Tom: Sure, I have no problem with that. I’m just saying the answer to
“Should we change ‘x’?” is not an automatic affirmative. It’s situational.
It calls for local discernment.
Step Up and Change?
IC: I’m not saying that a new person or someone from a different
background should come in as a boat rocker or rebel. I’m saying that when we
have a tradition that they are finding perplexing, and we find that we have no
good scriptural warrant for that tradition, then that can be the leading of the
Lord that we should reconsider our tradition. It might be our call to step up
and change.
Tom: I guess I see
value in the new person keeping his mouth shut and showing a track record of
character and commitment before making a lot of suggestions about changes.
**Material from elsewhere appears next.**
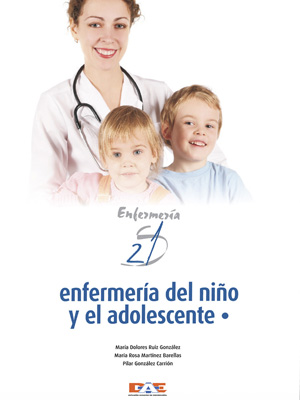 Imagen de portada del libro Enfermería del niño y el adolescente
I don’t disagree with you that a new point of view can be a very good
thing — it absolutely can. But not all change is automatically good change either.
I’m
not saying letting all traditions stand should be the default. Some traditions
are pretty lame and outdated. But if a change is going to be made, it had
better be made for a good reason, and it had better be well thought through.
Stale and Unhelpful
IC: But that policy DOES seem to me to make the traditions the default. And I’m skeptical: why should an ineffective, stale,
unhelpful tradition be allowed to prevail anymore than a bad innovation — all other things being equal, of course? Is not the real test
(assuming, again, no scriptural conflict) whether a practice is beneficial, helpful and edifying? Why then should a tradition get a “pass” that innovation is not allowed?
Tom: But you’re assuming the
status quo is “stale” and “unhelpful”. It may not be. In some churches it is.
But sometimes it’s the people making suggestions who are on the wrong side of
things. Mrs. So-and-So might push for a guitarist only because her son plays
guitar and she wants to get him involved, and he might be a terrible player.
Changing or not changing is not a matter of reflexively saying “yes” or
reflexively saying “no”. It’s a matter of considering whether what’s being offered is beneficial,
helpful and edifying, as well as considering whether what’s already being done
meets those criteria. Which I think is what you’re saying.
For that matter, it may be that a third
course of action — something entirely different — would be preferable
to both the status quo and the suggested change. But you won’t know that until
you really consider both ways of doing things with an open mind.
What Makes for Edification
IC: Yes, that’s quite true. The important point is that all things have
to be up for review. If they edify, or are required by precept or principle of scripture,
we keep them. If they are not edifying — or no
longer edifying — then they’ve got to go.
Tradition, though, resists review: and
habit or inertia makes it the default setting. So some extra energy on the side
of innovation and fresh thinking is required if we are going to find the best
option. With merely equal effort, tradition will rule the roost every time.